The stock has compounded by 48% (!) since its inception in 2016.
Let’s take a closer look at this fast-growing niche insurance business.
Business Model
Kinsale Capital Group was founded in 2009. It specializes in excess and surplus lines insurance, also known as E&S, a sub-market in the insurance industry.
The company underwrites risks that standard carriers find difficult to insure. Insurance that is easy to insure can be viewed as a commodity (cars, houses, travel insurance). What Kinsale insures is much harder to calculate a risk/reward for. This naturally creates higher barriers to entry than for the insurance business as a whole.
Value proposition: Kinsale offers customized insurance solutions to underserved markets, providing tailored policies that cater to unique risks.
Examples of E&S insurance: Data breaches, cyber security risk, insuring body parts (Think Tom Brady’s throwing arm), art collections, and historical artifacts.
These are hard to analyze with limited data.
Kinsale targets small to medium-sized businesses with unique or hard-to-place risks. The company’s diverse portfolio includes construction, manufacturing, and professional services.
The E&S insurance market
Kinsale operates in the attractive, yet competitive, specialty insurance market. The growing complexity of risks and increasing regulatory requirements make this sector vital.
E&S represents a specialized insurance market that fills the gaps where standard carriers hesitate. Kinsale addresses challenging and often high-risk cases from mobile homes to multinational oil companies and everything in between.
Market potential: The specialty insurance market is expected to grow at a CAGR of 9% until 2030, driven by the rising demand for customized insurance solutions.
Changing industry dynamics
The insurance industry is expected to go through a transformation in the coming decade. The main drivers for this change:
Increase of viruses/disease
Armed conflicts (Up significantly since 2010)
Global warming as a catalyst for extreme weather
The ability to adapt to the changing risk environment will be vital for insurers to make sure their underwriting is effective.
Kinsale is in a position where they can pick their spots, they are relatively small and can pick and choose what they believe will yield the best returns.
Revenue Streams
Revenues are generated via premiums and investment income. This provides Kinsale with predictable cash flows.

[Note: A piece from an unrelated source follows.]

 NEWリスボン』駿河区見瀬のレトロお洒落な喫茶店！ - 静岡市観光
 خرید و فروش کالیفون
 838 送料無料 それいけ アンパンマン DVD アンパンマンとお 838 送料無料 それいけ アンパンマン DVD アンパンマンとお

Premiums (85.8% of revenue): Income from policyholders’ payments for insurance coverage. This represents $1,144.9M in the last twelve months.
Investment income (14.2% of revenue): Returns from investing the premiums collected. This represents $189.3M in the last twelve months, where:
60.5% comes from total interest and dividend income
23.4% comes from gain (loss) on the sale of investments
16% comes from “other revenues
Capital light business model
Ideally, we want to own capital-light businesses that require little capital to grow.

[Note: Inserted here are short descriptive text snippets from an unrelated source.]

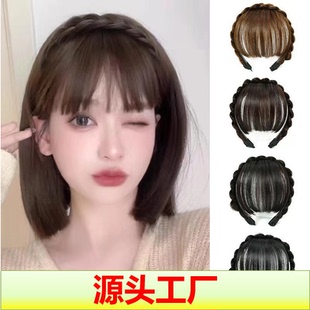 刘海假发鱼骨辫发箍一体前额遮盖头顶补发假发贴片高颅顶发卡头箍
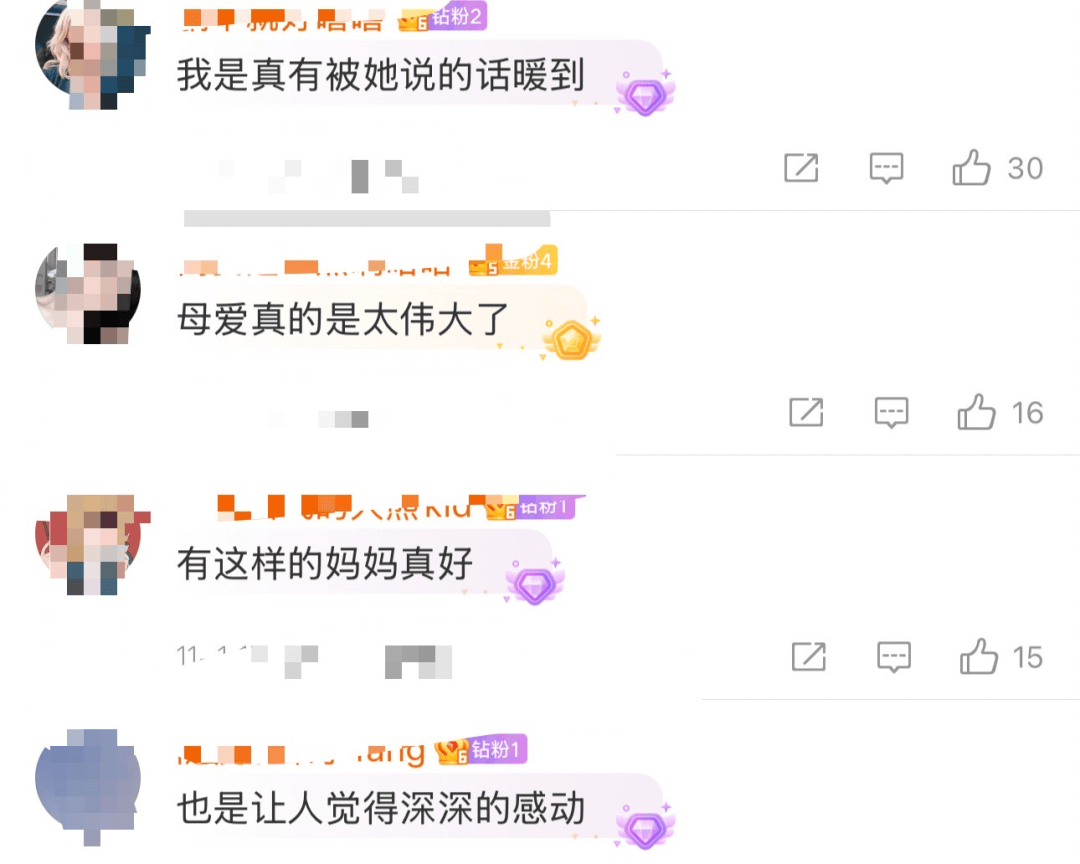 张柏芝拒绝儿子送母亲节礼物<strong></p>
<p>白银股票</strong>,坦言他们就是给自己最好的礼物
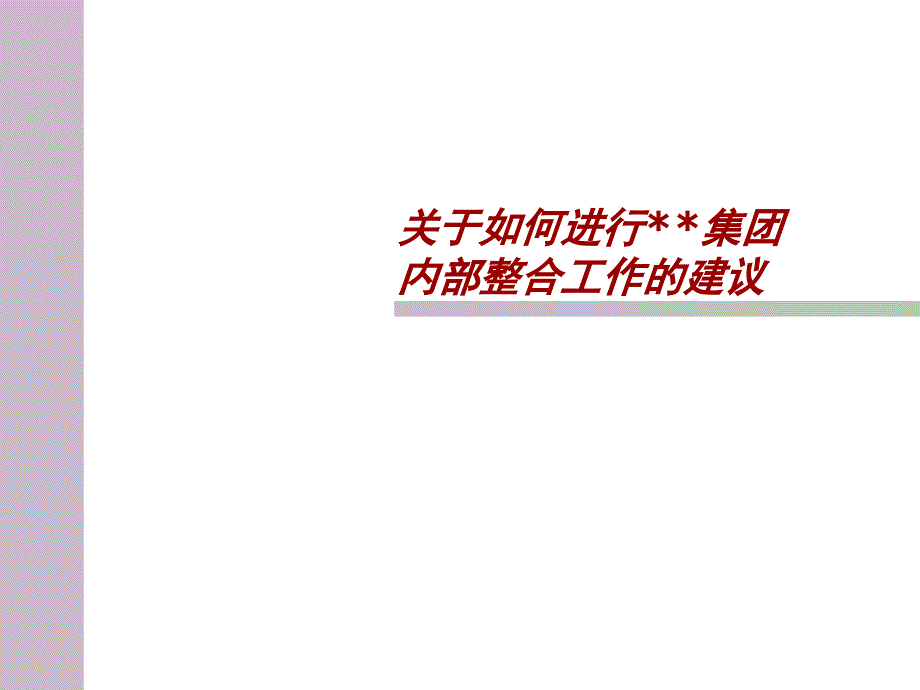 某集团内部整合工作建议_第1页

Let’s take a look at Kinsale. We judge the capital lightness by comparing Capital Expenditure (Investments the business needs to keep operating) with its revenues and operating cash flows:
Revenues TTM: 1144.9M
Operating Cash Flow TTM: $872.6M
Capital Expenditure TTM: $7.5M
CAPEX/Sales: 0.56% (7.5 / 1334.1) ✅
CAPEX/Operating Cash Flow: 0.86% (7.5 / 872.6) ✅
The capital intensity of Kinsale is low, which is favorable.
Management
Kinsale was co-founded by Michael Kehoe (CEO) and Brian Haney (COO). The founders lead the company with extensive experience in the insurance industry.

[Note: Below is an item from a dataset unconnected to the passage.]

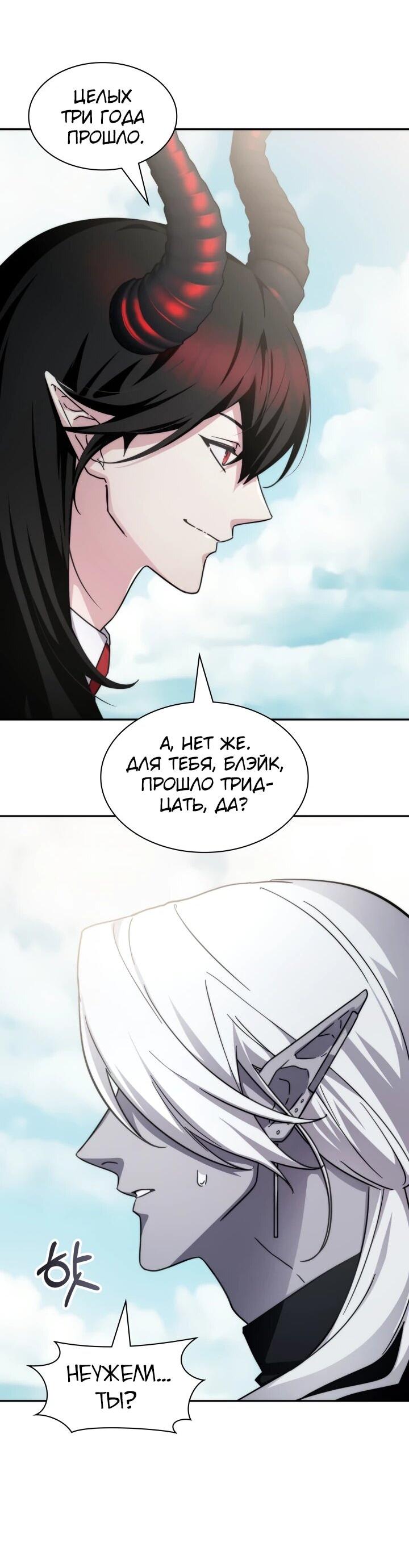 Манга Мечта в игре становится реальностью - Глава 89 Страница 69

Leadership alignment: Directors and executive officers own 6.5% of shares in Kinsale, aligning their interests with those of shareholders.
Michael Kehoe owns 3.85% of the business.
Track record: Under Michael Kehoe’s (CEO) and Brian Haney’s (COO) leadership, Kinsale has demonstrated excellent growth, prudent risk management, and strong financial performance.
The management team has seen its EPS compound by 36.25% annually since 2014, and book value compound by 25.52% annually:
Michael Kehoe and Brian Haney left James River (a larger E&S insurance company) in 2008 to found Kinsale Capital.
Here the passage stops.